White House official Stephanie Cutter, deputy senior advisor to the President, praised the decision.

“The ruling is yet another victory for the millions of Americans who are already benefitting from the law including the parents of children with preexisting conditions, women getting mammograms with no out-of-pocket cost, seniors saving hundreds of dollars on their prescription drugs, and one million young adults now newly insured through their parent’s plan.”

Jay Sekulow,  chief  counsel of the American Center for Law and Justice, the group that brought the suit on behalf of four individuals, said he was disappointed by the decision and vowed to appeal.

“This decision reinforces the fact that the courts are split about this flawed health care law,  ” Sekulow said in a statement.

“As we determine our next course of action – whether to ask the full appeals court to hear the case – or directly ask the Supreme Court to take the case – we still remain confident that ObamaCare and the individual mandate, which forces Americans to purchase health insurance, is the wrong prescription for America and ultimately will be struck down as unconstitutional by the U.S. Supreme Court.”

Stephen I. Vladeck, professor of law at American University, emphasized the importance of the decision coming from Judge Silberman.

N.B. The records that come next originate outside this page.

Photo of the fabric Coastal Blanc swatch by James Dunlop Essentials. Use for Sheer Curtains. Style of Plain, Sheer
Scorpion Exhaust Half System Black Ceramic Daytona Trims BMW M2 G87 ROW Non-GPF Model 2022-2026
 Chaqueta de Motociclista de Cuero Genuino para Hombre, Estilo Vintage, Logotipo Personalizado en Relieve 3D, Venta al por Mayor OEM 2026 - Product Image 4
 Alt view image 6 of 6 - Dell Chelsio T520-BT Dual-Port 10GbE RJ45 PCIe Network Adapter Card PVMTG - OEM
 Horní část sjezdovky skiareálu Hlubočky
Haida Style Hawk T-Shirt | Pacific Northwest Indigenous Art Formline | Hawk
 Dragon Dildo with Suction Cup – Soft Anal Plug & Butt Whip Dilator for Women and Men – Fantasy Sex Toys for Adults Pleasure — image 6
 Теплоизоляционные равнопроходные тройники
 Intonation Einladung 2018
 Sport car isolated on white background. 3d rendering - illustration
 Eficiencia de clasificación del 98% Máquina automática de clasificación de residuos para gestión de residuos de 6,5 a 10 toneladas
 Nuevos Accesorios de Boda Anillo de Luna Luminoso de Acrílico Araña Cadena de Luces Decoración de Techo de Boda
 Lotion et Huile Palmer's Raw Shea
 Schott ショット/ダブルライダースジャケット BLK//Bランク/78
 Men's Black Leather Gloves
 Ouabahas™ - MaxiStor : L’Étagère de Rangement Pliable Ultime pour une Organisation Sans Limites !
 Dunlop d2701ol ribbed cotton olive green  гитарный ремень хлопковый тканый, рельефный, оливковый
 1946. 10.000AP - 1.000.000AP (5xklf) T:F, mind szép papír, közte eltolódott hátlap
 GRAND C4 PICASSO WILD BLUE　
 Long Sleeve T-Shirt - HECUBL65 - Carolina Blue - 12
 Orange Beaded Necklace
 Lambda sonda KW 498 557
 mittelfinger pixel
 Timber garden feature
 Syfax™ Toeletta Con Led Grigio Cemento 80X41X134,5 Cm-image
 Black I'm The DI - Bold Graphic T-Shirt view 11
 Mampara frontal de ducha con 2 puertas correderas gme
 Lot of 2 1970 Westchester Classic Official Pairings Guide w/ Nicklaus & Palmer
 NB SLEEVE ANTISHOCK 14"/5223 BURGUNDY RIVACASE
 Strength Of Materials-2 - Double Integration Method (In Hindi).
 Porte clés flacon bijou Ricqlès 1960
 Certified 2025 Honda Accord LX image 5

“Judge Silberman has historically been recognized as one of the stronger conservative voices on the federal appellate bench. That even he finds the ACA constitutional—and believes the real issue here is about individual rights, not Congress’s power—makes the challengers’ odds that much longer with Supreme Court review looming,” said Vladeck.

But Randy Barnett, a professor of law at Georgetown University, who is representing challengers to the law in a separate suit,  said that Judge Silberman got it wrong.

“Judge Silberman’s  decision boils down to Congress having unlimited power to address what it deems to be a national problem. That destroys the federal system of limited federal power.”

The Supreme Court is scheduled to discuss the various challenges to the law behind closed doors on Thursday. It could decide as early as this week whether it will hear one or more of the cases this term.

Although this case is not one of the challenges directly in front of the justices, those who support the law believe the justices will be influenced by today’s opinion.

“On the eve of the Supreme Court’s decision whether to review the constitutionality of health care reform legislation, the nation’s second most important court has dealt a devastating blow to the challengers of the Act, delivered by one of the country’s foremost conservative jurists, “said Elizabeth Wydra, chief counsel for the liberal Constitutional Accountability Center.